The program will also feature a system for recording and storing footage for later viewing only if an incident is reported.
"The privacy of clients and staff is a key priority - and the pilot will only operate with the consent of residents and their guardians," a government statement said.
Human Services Minister Michelle Lensink said the use of CCTV had the potential to add an extra layer of safety and security for people living with disability, as well as for staff.
"We're always looking at ways we can improve safeguards for people living with disability - and this pilot will allow us to assess the benefits and challenges of using CCTV systems in state-run disability homes," she said.

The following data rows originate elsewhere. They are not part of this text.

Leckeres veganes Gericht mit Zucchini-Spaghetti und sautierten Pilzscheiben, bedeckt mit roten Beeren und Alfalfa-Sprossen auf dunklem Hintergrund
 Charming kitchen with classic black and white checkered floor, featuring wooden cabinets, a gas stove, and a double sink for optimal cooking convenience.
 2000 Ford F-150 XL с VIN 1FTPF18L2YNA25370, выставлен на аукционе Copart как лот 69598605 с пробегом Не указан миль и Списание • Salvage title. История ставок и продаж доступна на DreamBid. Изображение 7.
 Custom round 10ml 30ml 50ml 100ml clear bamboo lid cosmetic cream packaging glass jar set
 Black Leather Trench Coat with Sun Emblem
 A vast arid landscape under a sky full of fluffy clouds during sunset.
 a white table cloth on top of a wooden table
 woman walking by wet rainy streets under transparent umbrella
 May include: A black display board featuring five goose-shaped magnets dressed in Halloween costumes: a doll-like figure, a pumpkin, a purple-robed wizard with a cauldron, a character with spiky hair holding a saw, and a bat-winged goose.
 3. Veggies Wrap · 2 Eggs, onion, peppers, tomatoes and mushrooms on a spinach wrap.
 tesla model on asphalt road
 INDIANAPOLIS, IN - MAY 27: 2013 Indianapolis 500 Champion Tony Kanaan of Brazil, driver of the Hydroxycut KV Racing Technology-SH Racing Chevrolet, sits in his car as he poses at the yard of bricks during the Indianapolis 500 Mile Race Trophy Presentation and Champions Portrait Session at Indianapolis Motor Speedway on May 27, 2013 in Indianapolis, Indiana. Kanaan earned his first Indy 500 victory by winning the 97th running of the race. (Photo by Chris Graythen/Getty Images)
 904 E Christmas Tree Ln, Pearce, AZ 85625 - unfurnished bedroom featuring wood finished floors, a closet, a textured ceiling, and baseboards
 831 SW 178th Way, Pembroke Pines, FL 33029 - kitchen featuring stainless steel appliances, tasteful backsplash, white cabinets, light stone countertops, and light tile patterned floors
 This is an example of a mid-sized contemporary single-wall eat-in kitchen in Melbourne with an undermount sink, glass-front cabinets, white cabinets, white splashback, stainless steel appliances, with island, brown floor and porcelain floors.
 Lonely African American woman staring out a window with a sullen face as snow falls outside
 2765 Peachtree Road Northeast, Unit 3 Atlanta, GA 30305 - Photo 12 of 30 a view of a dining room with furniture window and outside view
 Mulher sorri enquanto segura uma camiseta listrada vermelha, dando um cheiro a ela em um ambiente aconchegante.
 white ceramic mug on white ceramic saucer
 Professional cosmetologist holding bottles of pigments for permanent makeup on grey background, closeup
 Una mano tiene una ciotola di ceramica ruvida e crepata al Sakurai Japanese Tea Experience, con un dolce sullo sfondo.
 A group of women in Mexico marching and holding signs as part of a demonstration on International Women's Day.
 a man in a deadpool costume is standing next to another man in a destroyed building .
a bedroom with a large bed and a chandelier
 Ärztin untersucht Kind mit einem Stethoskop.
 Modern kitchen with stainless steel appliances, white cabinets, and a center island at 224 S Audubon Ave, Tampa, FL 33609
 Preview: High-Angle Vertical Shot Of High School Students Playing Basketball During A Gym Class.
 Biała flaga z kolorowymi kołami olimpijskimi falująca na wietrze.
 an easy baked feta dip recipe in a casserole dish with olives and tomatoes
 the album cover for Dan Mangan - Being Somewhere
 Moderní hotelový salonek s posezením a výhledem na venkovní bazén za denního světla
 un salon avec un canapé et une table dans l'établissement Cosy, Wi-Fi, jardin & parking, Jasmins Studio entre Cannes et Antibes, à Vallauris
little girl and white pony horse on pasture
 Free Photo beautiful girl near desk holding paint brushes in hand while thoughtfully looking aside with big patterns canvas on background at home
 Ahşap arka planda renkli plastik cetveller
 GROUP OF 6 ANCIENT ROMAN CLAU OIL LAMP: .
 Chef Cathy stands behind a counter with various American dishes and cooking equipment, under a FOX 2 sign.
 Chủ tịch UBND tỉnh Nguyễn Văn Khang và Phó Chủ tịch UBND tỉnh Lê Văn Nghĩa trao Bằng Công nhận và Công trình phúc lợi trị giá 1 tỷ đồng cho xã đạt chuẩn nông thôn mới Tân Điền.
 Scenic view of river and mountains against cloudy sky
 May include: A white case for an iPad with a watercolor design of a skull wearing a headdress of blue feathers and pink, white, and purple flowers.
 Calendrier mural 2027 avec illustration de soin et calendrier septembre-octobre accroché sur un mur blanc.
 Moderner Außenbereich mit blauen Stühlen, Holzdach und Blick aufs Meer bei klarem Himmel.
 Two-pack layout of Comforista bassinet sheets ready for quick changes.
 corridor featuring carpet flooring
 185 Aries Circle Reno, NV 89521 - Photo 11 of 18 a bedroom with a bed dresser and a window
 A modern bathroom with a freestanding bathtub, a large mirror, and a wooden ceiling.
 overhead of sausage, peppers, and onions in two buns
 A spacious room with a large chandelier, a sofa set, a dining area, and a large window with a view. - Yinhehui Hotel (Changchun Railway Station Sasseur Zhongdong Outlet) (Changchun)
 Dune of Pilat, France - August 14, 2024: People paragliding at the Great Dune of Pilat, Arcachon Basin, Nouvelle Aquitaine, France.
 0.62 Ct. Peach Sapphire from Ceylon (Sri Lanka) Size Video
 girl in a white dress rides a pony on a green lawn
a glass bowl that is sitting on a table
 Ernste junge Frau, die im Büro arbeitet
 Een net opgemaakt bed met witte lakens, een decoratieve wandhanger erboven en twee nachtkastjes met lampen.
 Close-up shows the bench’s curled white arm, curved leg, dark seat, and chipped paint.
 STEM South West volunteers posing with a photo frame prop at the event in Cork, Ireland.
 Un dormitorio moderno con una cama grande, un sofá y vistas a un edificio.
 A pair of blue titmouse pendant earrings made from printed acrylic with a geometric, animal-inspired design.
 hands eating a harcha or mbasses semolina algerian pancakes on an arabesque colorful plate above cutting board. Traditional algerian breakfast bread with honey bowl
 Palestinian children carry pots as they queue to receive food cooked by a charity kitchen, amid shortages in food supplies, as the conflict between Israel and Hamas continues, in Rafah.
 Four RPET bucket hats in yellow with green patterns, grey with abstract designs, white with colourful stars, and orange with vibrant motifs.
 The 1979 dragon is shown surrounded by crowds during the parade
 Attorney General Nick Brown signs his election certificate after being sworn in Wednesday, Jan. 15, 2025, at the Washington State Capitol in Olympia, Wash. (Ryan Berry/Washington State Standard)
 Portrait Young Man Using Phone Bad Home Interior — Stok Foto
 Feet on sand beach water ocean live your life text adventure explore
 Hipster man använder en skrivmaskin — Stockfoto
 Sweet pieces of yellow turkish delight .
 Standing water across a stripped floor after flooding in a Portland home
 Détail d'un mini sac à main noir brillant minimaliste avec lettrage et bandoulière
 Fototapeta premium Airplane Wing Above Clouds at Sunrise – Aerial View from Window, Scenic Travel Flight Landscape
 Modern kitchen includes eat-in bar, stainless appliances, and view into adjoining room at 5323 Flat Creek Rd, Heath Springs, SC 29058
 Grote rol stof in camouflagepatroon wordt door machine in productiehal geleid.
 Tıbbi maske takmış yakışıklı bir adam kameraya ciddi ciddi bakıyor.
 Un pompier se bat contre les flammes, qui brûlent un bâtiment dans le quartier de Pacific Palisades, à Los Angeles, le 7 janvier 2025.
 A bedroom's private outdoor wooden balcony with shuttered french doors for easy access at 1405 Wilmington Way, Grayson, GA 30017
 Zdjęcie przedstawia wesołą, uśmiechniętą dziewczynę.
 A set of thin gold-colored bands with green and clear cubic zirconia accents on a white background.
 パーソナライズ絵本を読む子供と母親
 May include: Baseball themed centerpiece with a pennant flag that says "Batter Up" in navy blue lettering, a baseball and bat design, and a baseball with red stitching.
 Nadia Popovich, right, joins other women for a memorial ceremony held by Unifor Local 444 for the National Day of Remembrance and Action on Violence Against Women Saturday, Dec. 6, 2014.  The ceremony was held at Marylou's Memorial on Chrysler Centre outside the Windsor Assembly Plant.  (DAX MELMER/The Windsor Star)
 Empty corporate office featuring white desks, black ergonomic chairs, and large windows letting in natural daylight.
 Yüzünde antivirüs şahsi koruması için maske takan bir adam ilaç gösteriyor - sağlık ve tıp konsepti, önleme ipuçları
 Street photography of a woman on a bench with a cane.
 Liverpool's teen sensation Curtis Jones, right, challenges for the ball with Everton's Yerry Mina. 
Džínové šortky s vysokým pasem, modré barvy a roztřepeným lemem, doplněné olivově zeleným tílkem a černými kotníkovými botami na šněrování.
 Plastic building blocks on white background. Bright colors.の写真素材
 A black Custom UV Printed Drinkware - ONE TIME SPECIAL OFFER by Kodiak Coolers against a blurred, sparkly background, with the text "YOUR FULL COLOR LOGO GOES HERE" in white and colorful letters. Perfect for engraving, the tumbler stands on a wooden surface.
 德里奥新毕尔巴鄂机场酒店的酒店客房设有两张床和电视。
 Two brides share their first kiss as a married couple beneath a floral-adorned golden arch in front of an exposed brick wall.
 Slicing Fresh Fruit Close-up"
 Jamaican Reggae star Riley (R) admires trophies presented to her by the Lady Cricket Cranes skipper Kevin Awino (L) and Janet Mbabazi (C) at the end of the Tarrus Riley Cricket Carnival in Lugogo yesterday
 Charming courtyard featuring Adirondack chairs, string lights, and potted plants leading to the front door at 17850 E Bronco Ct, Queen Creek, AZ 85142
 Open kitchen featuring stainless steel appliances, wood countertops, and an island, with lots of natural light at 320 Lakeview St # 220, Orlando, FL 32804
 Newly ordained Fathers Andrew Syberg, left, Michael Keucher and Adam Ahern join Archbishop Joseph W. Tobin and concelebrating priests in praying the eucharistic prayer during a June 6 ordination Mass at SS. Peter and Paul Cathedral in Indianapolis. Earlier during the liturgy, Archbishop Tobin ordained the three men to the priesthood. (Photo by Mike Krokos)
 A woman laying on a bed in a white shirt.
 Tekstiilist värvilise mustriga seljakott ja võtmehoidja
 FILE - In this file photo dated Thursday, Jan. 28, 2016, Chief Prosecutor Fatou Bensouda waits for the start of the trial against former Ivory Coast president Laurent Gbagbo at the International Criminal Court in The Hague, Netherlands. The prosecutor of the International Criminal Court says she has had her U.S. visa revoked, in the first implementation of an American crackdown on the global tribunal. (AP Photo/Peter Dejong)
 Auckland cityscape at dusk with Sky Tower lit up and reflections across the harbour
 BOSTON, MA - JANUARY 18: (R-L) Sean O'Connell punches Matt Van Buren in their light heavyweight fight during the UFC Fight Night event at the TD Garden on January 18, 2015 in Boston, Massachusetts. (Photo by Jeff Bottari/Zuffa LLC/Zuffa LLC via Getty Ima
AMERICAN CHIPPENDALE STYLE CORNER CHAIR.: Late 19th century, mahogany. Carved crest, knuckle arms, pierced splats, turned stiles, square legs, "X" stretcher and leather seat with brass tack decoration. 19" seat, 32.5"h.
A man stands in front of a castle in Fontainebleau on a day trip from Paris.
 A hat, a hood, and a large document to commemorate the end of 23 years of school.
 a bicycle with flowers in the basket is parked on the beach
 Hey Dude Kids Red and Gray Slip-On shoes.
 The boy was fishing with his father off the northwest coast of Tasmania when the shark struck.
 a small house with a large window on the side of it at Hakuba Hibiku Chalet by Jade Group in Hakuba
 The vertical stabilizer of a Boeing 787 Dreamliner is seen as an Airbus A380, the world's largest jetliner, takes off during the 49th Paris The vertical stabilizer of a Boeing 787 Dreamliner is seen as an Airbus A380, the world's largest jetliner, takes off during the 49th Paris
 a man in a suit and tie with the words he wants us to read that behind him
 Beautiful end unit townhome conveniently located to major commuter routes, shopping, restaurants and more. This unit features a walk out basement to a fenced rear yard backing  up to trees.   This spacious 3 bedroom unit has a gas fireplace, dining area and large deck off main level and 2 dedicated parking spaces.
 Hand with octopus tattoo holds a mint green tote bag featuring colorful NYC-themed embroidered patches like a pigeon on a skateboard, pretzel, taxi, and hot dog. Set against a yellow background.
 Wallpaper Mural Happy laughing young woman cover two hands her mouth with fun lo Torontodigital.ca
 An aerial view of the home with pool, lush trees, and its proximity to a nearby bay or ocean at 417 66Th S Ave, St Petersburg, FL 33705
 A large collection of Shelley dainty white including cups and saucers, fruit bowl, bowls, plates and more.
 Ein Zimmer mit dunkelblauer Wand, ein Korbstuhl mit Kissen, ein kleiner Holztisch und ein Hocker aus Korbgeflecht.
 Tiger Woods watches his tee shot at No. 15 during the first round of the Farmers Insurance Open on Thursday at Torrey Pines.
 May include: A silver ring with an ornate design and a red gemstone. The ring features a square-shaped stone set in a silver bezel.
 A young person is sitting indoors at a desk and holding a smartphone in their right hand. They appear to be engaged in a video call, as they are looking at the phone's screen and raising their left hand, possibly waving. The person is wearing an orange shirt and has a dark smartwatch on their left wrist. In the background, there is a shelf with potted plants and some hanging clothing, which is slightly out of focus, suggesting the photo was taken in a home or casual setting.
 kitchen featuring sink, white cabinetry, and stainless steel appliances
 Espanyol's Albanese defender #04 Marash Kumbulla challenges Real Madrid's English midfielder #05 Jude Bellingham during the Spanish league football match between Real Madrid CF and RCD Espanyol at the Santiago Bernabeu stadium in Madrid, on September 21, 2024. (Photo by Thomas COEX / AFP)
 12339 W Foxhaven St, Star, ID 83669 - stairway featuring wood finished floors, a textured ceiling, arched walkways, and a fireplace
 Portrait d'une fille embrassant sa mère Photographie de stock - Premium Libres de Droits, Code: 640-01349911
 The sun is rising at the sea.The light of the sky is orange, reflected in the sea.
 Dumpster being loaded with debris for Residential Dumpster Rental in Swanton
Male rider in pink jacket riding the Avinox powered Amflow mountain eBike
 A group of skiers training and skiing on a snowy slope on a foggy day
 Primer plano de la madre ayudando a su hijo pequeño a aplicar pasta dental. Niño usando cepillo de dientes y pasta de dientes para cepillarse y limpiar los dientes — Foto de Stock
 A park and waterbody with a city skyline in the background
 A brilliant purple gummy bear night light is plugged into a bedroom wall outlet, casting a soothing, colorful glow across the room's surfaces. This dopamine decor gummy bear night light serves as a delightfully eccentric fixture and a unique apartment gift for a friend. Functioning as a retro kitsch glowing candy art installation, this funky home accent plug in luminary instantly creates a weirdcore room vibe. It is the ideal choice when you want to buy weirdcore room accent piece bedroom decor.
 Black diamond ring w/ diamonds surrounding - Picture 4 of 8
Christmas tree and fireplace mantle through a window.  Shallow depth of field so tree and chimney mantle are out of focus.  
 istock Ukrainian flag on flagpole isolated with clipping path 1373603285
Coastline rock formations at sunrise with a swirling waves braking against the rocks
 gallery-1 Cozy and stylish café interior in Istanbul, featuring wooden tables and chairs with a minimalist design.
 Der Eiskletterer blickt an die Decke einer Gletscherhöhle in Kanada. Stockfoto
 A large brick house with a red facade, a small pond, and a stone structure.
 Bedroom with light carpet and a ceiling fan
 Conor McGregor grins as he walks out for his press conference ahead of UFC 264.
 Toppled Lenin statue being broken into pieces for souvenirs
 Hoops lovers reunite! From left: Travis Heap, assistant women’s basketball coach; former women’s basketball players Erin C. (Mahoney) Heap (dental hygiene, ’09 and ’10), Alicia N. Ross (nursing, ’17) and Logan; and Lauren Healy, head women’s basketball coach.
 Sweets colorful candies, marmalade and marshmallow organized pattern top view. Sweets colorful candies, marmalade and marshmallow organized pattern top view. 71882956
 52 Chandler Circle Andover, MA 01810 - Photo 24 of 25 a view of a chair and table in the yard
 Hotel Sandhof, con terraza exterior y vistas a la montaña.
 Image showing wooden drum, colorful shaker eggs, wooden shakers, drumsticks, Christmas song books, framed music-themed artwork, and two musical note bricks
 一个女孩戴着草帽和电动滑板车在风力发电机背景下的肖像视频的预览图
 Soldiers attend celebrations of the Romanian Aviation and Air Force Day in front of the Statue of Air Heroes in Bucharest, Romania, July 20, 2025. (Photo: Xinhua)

"People with disability and their families should have full peace of mind about the quality of care they receive."
Ms Lensink said the cameras would only operate with the consent of residents and their guardians.
"This pilot will provide important information about the value of such a monitoring service to improve the quality of care and support for people living with disability," said Ms Lensink.
"We know that disability support work can present complex and challenging situations and we hope that CCTV will be a useful tool to drive continuous improvement."